Reporting on the Quality of Internal Audit Work
A model for reporting on the quality of internal audit work could be based on the following four elements: a quality assurance and improvement program, performance measures, review by external audit, and review by regulatory bodies.
Quality Assurance and Improvement Program
The “International Standards for the Professional Practice of Internal Auditing” issued by the Institute of Internal Auditors requires every internal audit function to operate a quality assurance program:
“The chief audit executive must develop and maintain a quality assurance and improvement program that covers all aspects of internal audit activity.”
A quality assurance and improvement program is designed to enable an evaluation of internal audit’s conformance with the Definition of Internal Auditing and the Standards, and an evaluation of whether internal auditors apply the Code of Ethics. The program also assesses the efficiency and effectiveness of internal audit and identifies opportunities for improvement.
This program should include both internal and external assessments. Internal assessments comprise: ongoing monitoring of the performance of the internal audit activity; and periodic reviews performed through self-assessment or by other persons within the organization with sufficient knowledge of internal audit practices.
External assessments must be conducted at least once every five years by a qualified, independent reviewer or review team from outside the organization. The chief audit executive must discuss with the board the need for more frequent external assessments; and the qualifications and independence of the external reviewer or review team, including any potential conflict of interest. The chief audit executive must communicate the results of the quality assurance and improvement program to senior management and the board.
Best practice in internal auditing suggests that, like most business units in an organization, internal audit should have performance measures or key performance indicators (KPIs) in place to demonstrate its own level of performance. Best practice also suggests that performance measures need to be specific (clear and concise), measurable (quantifiable), achievable (practical and reasonable), relevant (to users), and timed (having a range or time limit). For more on this, see the case study.
Review by External Audit
As part of its annual external audit of an organization, the external auditors will usually assess the internal audit function on such matters as its organizational status, scope of function, technical competence, and due professional care exercised in its work.
Review by Regulatory Bodies
In many countries, regulatory bodies review the competency and work of internal audit as part of their periodic regulatory review of an organization. These are generally restricted to particular industry groups, for example financial institutions.

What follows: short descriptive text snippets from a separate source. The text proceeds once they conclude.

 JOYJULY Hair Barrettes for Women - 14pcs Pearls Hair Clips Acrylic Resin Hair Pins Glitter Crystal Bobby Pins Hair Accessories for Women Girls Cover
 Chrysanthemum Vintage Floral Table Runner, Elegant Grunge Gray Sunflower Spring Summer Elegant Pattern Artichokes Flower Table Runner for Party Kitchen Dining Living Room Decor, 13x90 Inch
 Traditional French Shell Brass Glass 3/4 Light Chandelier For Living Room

Measurement of the Internal Audit Function
The chief audit executive of an organization in Brisbane Australia was seeking ways to measure the work of his internal audit function. He knew that internal audit was doing a good job, but he did not have the evidence to prove it. In thinking how to address this problem, he designed KPIs against which his internal audit function could demonstrate its performance to the audit committee and the organization (Table 2). After all, internal audit assesses the performance of other areas of the organization, so why should it be exempt from having its own performance examined?

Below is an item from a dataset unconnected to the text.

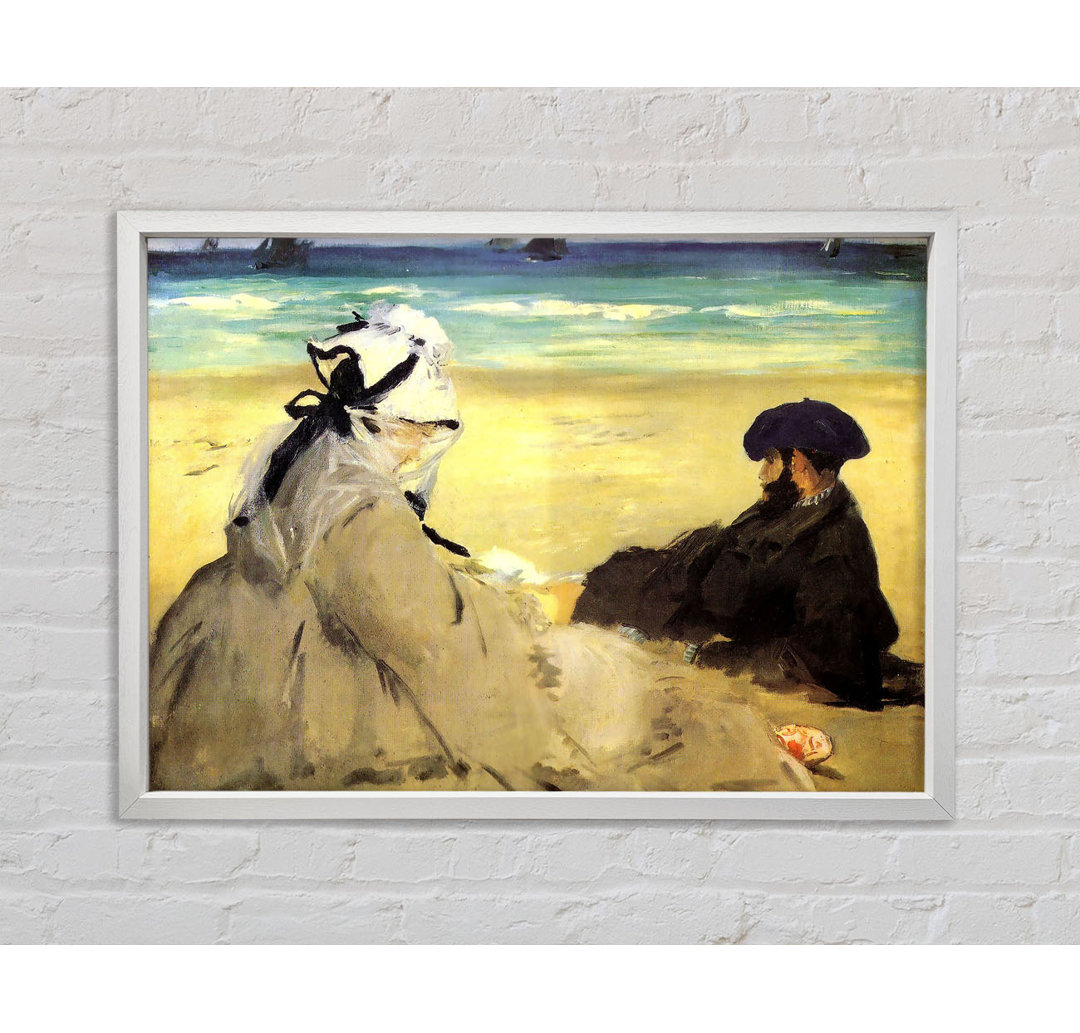 Manet Sur La Plage 1873 - Einzelner Bilderrahmen Kunstdrucke auf Leinwand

|Key performance indicator||Measure||Target||Frequency|
|1. Completion of Internal Audit Plan|
|1.1||Complete planned internal audits as per the approved Internal Audit Plan (subject to approved plan amendments)||% of planned internal audits completed within the financial year||95%||Annually|
|1.2||Complete special and ad hoc management-initiated internal audits and investigations in addition to scheduled internal audits (an allowance for this is contained in the Internal Audit Plan)||% of allowance utilized for unplanned ad hoc and management-initiated internal audits and investigations||95%||Annually|
|1.3||Approved Internal Audit Plan to be completed within the approved internal audit budget||% variance from approved budget for the financial year||5%||Annually|
|2. Implementation of internal audit recommendations|
|2.1||Internal audit recommendations accepted by management||% of recommendations accepted by management (subject to internal audit independence being maintained)||95%||Annually|
|2.2||Monitor the implementation status of internal audit recommendations by management and report outcomes to the audit committee||Updated status obtained from responsible managers and reported to the audit committee||Quarterly status reports delivered||Quarterly|
|3. Formal survey feedback|
|3.1||Results of customer feedback surveys following each internal audit||% of survey responses of good or better (averaged)||90%||Annually|
|3.2||Result of annual feedback survey of members of the audit committee||% of survey responses of good or better (averaged)||90%||Annually|
|4. Independent quality review of internal audit|
|4.1||Result of external quality assessment of internal audit in accordance with The International Standards for Professional Practice of Internal Auditing||Report issued detailing results of review||Consistent with better practice||Five-Yearly|
Source: National Australia Bank, with amendment.
The chief audit executive considered these to be the KPIs the audit committee would be interested in to provide an overall assessment of the work of internal audit, and when he asked the audit committee, they agreed. He discounted KPIs such as the number of internal audit recommendations, or the number of internal audit hours delivered, since these can be manipulated and would therefore have little credibility with the committee.